Infatti a me va mio marito...
O spesso stanno da me in taverna..  
Tirano mattina...ma almeno so dove sono e con chi...
Gli amici di mia figlia bene o male li conosco...
Il piccolo al momento esce ma non tantissimo


----------



## Brunetta (11 Settembre 2022)

Nocciola ha detto:


> Piuttosto che farli tornare alle 3 di notte con non si chi mi sono sempre alzata d andata a recuperarli
> Era anche un modo per vedere che posti frequentavano e che tipo di persone frequentavano
> Per cui ho fatto ill taxi per due anni con uno e con l’altro. Portando a casa sempre altri 3 mentre i loro genitori dormivano sereni (non capirò mai come si faccia a dormire con un figlio fuori casa )

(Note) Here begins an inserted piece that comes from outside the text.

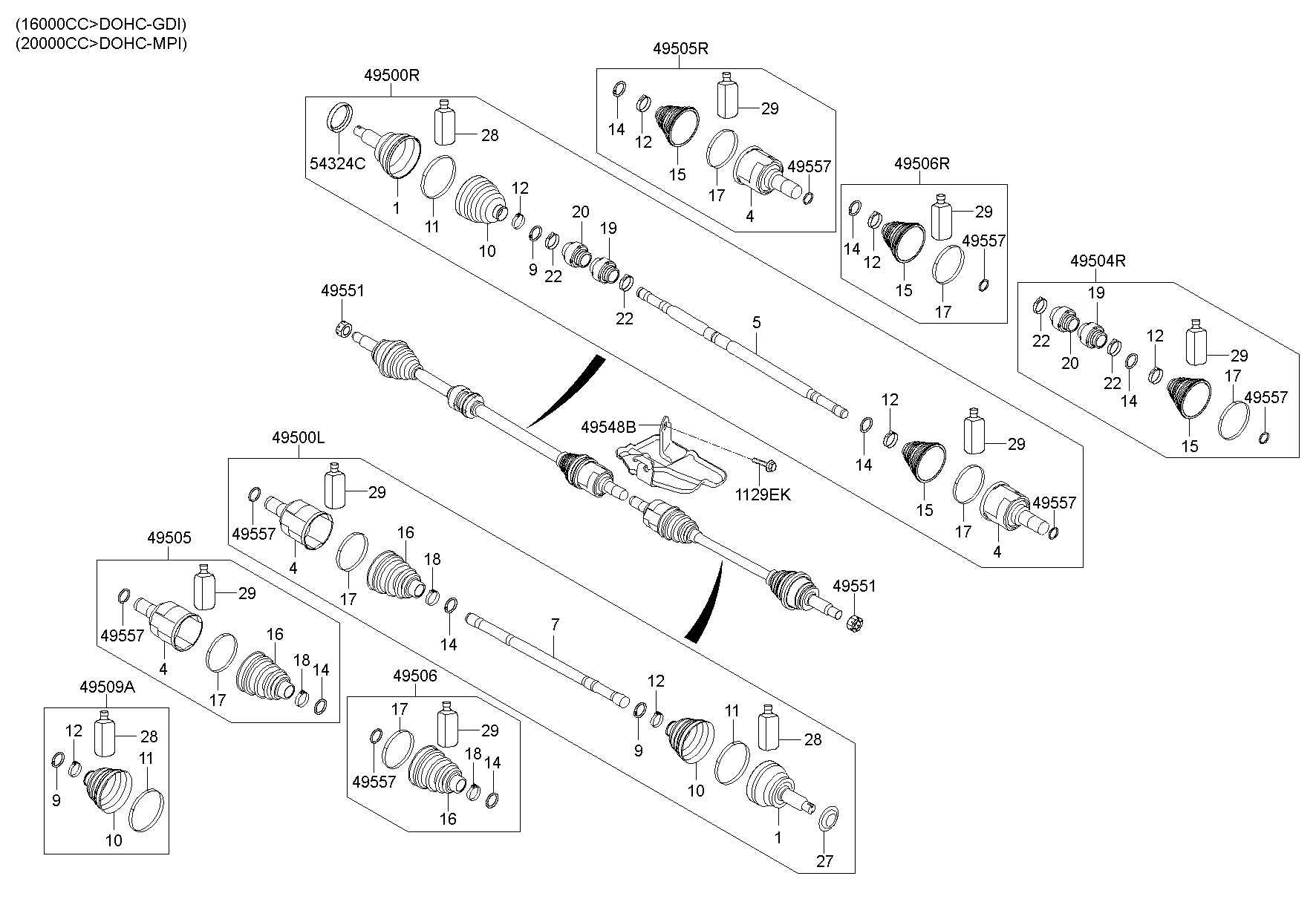 49542F2105 Boot KitFr Axle Diff Side Hyundai YoshiParts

Ieri chiacchierata con figli e c. Sono riemerse dalla memoria gli intoppi per gite e viaggi e abbiamo riso tanto.  Mia figlia ha ricordato di quando si era svegliata tardi per essere trasportata all'alba da un'altra mamma e allora mi aveva svegliata. Non mi ricordavo.  Ho riso tanto.  Lei pensava che l'avrei giustamente insultata.  
Poi in discoteca solo una volta e mio figlio mai. Ma perché non piaceva.


----------



## omicron (11 Settembre 2022)

bravagiulia75 ha detto:


> Assolutamente no...in provincia...
> Io sono contraria a scarrozzare i figli...
> Ma mio marito no...


In provincia… certo
Qui le discoteche stanno in mezzo ad un campo in mezzo al nulla… servizio pubblico inesistente andje di giorno figurati di notte… tutti chiusi in casa


----------



## bravagiulia75 (11 Settembre 2022)

omicron ha detto:


> In provincia… certo
> Qui le discoteche stanno in mezzo ad un campo in mezzo al nulla… servizio pubblico inesistente andje di giorno figurati di notte… tutti chiusi in casa


Mi spiace...
Organizza qualcosa in casa....mia figlia lo fa...
Ma non posso sostenere da sola la vita a Milano....


----------



## Pincopallino (11 Settembre 2022)

Nocciola ha detto:


> Piuttosto che farli tornare alle 3 di notte con non si chi mi sono sempre alzata d andata a recuperarli
> Era anche un modo per vedere che posti frequentavano e che tipo di persone frequentavano
> Per cui ho fatto ill taxi per due anni con uno e con l’altro. Portando a casa sempre altri 3 mentre i loro genitori dormivano sereni (non capirò mai come si faccia a dormire con un figlio fuori casa )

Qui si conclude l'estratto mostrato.